Effect.ts: Absence as First-Class

State ManagementLesson 47 of 51

28. Ref Intro: Why We Need It

Regular variables in Effect don't work the way you expect - here's why

The Problem
//  This creates subtle bugs!
let counter = 0;

const program = Effect.gen(function* () {
  yield* Effect.sync(() => { counter++; });
  yield* Effect.sync(() => { counter++; });
  return counter;
});

await Effect.runPromise(program); // 2
await Effect.runPromise(program); // 4 
Why This Breaks

Effects are descriptions that can be run multiple times.
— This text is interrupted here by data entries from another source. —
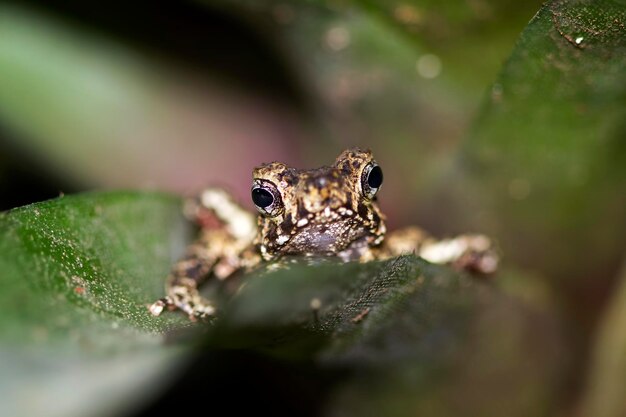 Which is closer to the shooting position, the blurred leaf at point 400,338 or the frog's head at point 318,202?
the blurred leaf at point 400,338

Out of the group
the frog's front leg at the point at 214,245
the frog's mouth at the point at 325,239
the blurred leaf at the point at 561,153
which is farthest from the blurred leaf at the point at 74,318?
the blurred leaf at the point at 561,153

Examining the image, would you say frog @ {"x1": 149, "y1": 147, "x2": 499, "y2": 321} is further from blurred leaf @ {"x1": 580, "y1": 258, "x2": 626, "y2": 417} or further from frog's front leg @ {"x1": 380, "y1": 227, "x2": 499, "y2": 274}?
blurred leaf @ {"x1": 580, "y1": 258, "x2": 626, "y2": 417}

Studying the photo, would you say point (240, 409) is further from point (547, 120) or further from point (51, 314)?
point (547, 120)

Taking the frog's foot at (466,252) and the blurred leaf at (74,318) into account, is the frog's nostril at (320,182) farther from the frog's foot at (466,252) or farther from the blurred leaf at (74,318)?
the blurred leaf at (74,318)

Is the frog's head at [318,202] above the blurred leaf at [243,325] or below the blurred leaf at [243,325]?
above

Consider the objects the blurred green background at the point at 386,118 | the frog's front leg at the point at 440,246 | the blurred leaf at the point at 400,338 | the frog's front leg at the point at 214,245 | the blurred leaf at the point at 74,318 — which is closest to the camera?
the blurred leaf at the point at 74,318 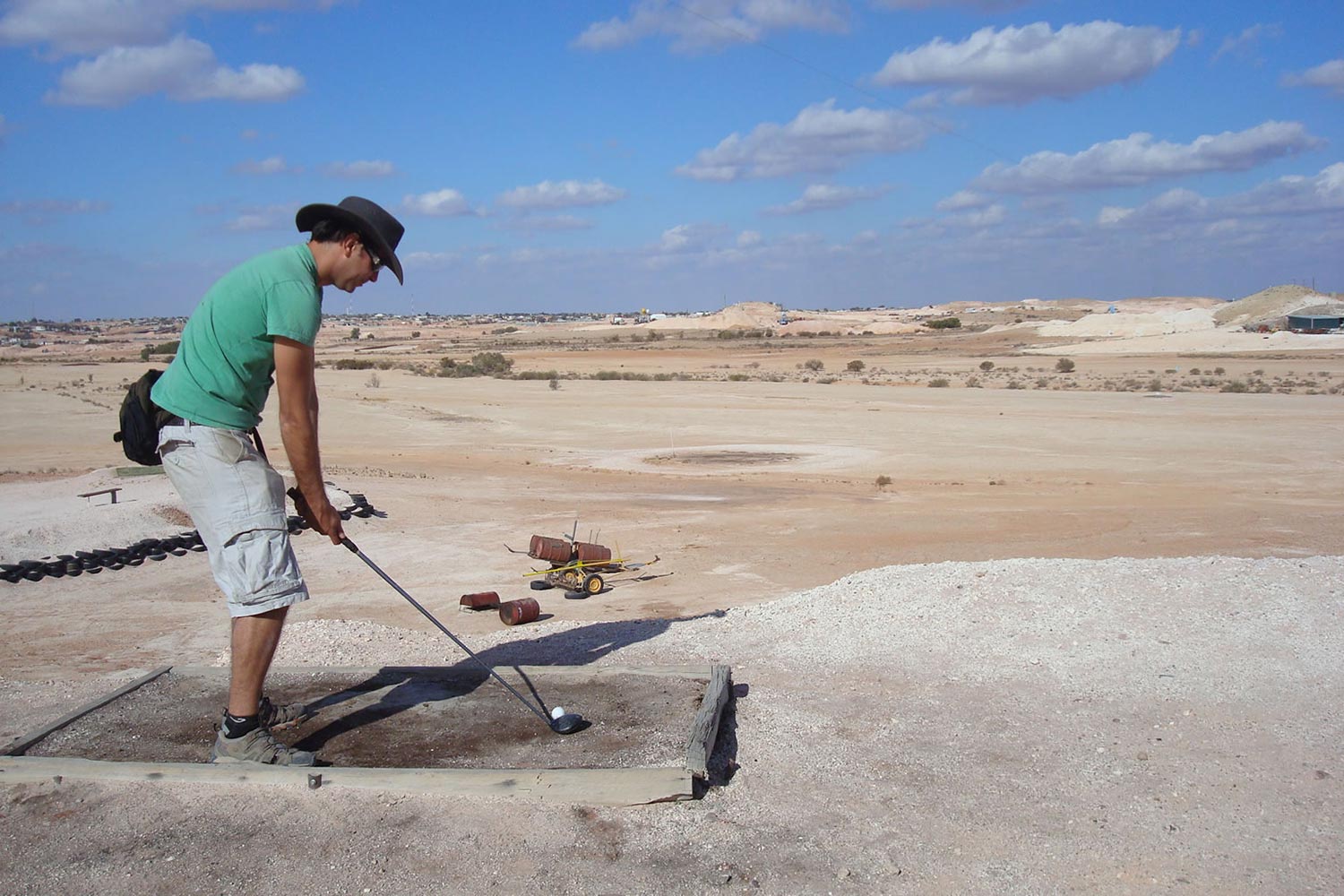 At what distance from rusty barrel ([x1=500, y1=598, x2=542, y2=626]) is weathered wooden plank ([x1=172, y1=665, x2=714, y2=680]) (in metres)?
2.13

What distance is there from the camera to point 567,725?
196 inches

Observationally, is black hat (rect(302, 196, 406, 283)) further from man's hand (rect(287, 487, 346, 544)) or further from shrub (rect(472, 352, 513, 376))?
shrub (rect(472, 352, 513, 376))

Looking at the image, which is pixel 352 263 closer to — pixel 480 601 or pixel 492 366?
pixel 480 601

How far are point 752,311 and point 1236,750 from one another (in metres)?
136

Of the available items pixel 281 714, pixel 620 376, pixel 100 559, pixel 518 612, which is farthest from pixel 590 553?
pixel 620 376

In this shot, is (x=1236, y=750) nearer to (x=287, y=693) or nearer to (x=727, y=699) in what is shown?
(x=727, y=699)

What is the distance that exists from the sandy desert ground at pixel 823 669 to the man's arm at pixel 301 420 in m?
1.16

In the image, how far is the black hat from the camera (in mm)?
4598

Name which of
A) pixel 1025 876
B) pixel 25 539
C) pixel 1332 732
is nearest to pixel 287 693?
pixel 1025 876

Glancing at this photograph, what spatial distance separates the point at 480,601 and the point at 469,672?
2.85 m

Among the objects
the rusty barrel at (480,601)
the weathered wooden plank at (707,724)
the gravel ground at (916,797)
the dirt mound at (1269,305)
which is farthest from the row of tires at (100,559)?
the dirt mound at (1269,305)

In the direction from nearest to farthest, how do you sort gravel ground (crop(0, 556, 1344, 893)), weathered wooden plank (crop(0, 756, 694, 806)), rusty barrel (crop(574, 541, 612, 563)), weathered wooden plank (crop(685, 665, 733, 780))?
gravel ground (crop(0, 556, 1344, 893)), weathered wooden plank (crop(0, 756, 694, 806)), weathered wooden plank (crop(685, 665, 733, 780)), rusty barrel (crop(574, 541, 612, 563))

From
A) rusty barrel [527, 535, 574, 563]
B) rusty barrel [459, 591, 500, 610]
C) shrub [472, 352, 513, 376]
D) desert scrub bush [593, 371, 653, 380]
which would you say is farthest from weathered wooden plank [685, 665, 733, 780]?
shrub [472, 352, 513, 376]

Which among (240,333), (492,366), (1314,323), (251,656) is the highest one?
(1314,323) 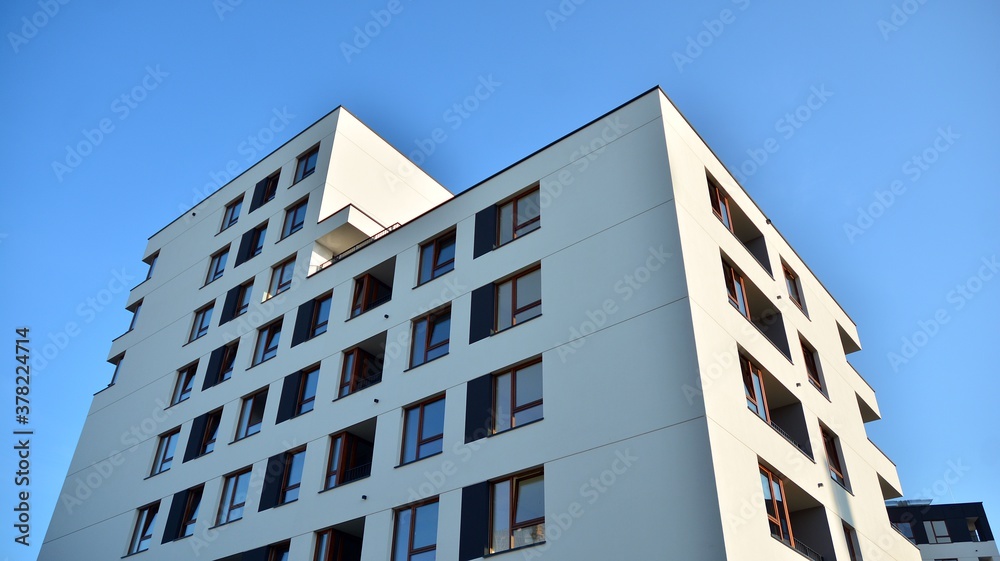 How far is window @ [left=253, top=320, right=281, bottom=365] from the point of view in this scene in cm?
3059

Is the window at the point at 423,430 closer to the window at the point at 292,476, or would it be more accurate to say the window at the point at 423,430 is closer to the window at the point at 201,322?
the window at the point at 292,476

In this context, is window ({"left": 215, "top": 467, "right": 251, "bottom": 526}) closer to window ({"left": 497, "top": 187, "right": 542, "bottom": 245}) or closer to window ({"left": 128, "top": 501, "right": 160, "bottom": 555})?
window ({"left": 128, "top": 501, "right": 160, "bottom": 555})

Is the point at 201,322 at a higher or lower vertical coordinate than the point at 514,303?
higher

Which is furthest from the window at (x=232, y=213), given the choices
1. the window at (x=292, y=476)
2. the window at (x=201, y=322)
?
the window at (x=292, y=476)

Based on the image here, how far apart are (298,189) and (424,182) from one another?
6.31 metres

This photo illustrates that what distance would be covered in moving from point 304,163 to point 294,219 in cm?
327

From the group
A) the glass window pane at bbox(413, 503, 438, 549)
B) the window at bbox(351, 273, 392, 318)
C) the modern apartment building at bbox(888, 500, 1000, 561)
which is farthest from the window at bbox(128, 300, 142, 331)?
the modern apartment building at bbox(888, 500, 1000, 561)

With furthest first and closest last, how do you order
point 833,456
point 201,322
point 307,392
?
point 201,322, point 307,392, point 833,456

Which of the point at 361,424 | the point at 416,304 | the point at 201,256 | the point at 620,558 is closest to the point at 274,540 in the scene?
the point at 361,424

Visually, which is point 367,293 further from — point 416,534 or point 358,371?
point 416,534

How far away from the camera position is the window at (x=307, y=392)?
27.3 meters

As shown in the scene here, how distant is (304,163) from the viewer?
119 ft

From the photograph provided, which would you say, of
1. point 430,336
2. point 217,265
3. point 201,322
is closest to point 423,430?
point 430,336

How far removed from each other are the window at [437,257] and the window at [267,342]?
7399 millimetres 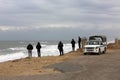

When you use regular variables:

  • State leaks between runs
  • The same program behaves differently each time
  • It's impossible to reason about
The Solution: Ref
//  This is safe and reusable!
const program = Effect.gen(function* () {
  const counter = yield* Ref.make(0);
  yield* Ref.update(counter, n => n + 1);
  yield* Ref.update(counter, n => n + 1);
  return yield* Ref.get(counter);
});

await Effect.runPromise(program); // 2
await Effect.runPromise(program); // 2 
Key Insight

Ref makes state part of the Effect description.

  • Regular variable: State lives "outside" the Effect (leaks)
  • Ref: State lives "inside" the Effect (contained)

Each time you run a program with Ref.make(), you get fresh state. That's the whole point!